Bardzo lubię koktajl z natki, kiwi i cytryny. Dość często robię też makaron z pietruszką i tuńczykiem. Przepis na tę prostą potrawę dostałam kiedyś od znajomego z Sardynii (przepis znajdziecie tutaj) i na stałe zagościł w moim domu.
Do celów leczniczych używa się korzenia i owoców pietruszki. Zwiększają przesączanie w kłębkach nerkowych i zwiększają wydalanie moczu. Zmniejszają także napięcie mięśni gładkich dróg moczowych. Mogą być stosowane w stanach zapalnych nerek i w kamicy moczowej.
Wyciągi z owoców pietruszki działają silniej, niż te z korzenia. Nie powinny ich używać kobiety w ciąży i karmiące oraz małe dzieci. I w ogóle takie wyciągi stosujemy krótko – najwyżej dwa tygodnie.
W
Haidari, Fatemeh, et al. „Effects of parsley (Petroselinum crispum) and its flavonol constituents, kaempferol and quercetin, on serum uric acid levels, biomarkers of oxidative stress and liver xanthine oxidoreductase aactivity inoxonate-induced hyperuricemic rats.” Iranian journal of pharmaceutical research: IJPR 10.4 (2011): 811.
przeczytałam, że badania na zwierzętach pokazały, że pietruszka obniża poziom kwasu moczowego.
Ponadto pietruszka (podobnie jak seler) zawiera apigeninę, która hamuje XO.
Napar przygotowuje się przez zalanie łyżki rozdrobnionego suchego korzenia pietruszki 1,5 szklanki wrzącej wody. Naparza się to nad parą pod przykryciem 15 minut. Potem odstawia się jeszcze na 10 minut. Napar pije się 2-3 razy dziennie po 1/4 – 1/3 szklanki między posiłkami. Trzeba też wtedy przyjmować jedną tabletkę witaminy B1.
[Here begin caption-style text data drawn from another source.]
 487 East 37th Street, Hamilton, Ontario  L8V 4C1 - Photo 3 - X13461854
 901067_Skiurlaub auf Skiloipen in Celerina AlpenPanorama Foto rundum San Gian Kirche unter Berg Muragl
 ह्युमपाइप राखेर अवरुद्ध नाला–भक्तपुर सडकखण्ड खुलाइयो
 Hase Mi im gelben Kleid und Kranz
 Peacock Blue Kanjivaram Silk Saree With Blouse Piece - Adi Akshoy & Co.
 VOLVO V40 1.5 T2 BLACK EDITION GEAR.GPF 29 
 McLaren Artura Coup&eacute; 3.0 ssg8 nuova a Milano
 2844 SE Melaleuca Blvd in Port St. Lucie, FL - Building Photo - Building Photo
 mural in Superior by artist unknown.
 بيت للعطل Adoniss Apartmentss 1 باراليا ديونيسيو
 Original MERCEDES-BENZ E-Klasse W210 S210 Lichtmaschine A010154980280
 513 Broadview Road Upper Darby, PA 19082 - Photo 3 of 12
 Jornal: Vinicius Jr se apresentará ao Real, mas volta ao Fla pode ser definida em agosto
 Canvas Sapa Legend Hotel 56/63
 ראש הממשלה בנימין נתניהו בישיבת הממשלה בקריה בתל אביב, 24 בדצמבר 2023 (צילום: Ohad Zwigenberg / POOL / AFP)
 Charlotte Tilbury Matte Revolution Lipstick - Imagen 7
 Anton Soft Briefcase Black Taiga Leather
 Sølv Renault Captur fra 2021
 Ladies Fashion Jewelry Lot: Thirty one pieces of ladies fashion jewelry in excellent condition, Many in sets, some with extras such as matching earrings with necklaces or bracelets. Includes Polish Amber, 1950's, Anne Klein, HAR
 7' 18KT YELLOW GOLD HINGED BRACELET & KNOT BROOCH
Podobnie przygotowuje się napar z 1/2 łyżki owoców pietruszki na szklankę wody. Ale jego zażywa się tylko 1-2 łyżki między posiłkami. Przy tej kuracji należy także przyjmować witaminę B1 dwa razy dziennie.
Zalecenia te pochodzą z książki „Rośliny lecznicze i ich praktyczne zastosowanie” autorstwa Aleksandra Ożarowskiego i Wacława Jaroniewskiego.
Korzeń i owoce pietruszki zawierają substancję psychoaktywną o nazwie mirystycyna, która może wywoływać euforię i halucynacje.
Już rozumiem, dlaczego tak na mnie działa dobry rosół. Gotowany, jak przystało, z pietruszką.
W korzeniach mirystycyny jest niewiele (ok. 0,3%), za to w nasionach pietruszki jest jej znacznie więcej (do 5%).
Dlatego jeśli już ich używamy, radzę naprawdę nie przesadzać i trzymać z dala od dzieci.
Podobno w Rosji uprawy pietruszki są nadzorowane i wpisana jest ona na listę roślin zawierających substancje narkotyczne.
Igor Strawiński komponując swój balet „Pietruszka” nadał głównemu bohaterowi, klaunowi, takie właśnie imię.
Kto wie, co nim kierowało. Może znał działanie nasion pietruszki?
W końcu zwykle klaun na scenie wygląda trochę jak naćpany.
Chociaż smutny klaun Pietruszka jakoś mi nie wygląda na kogoś na haju.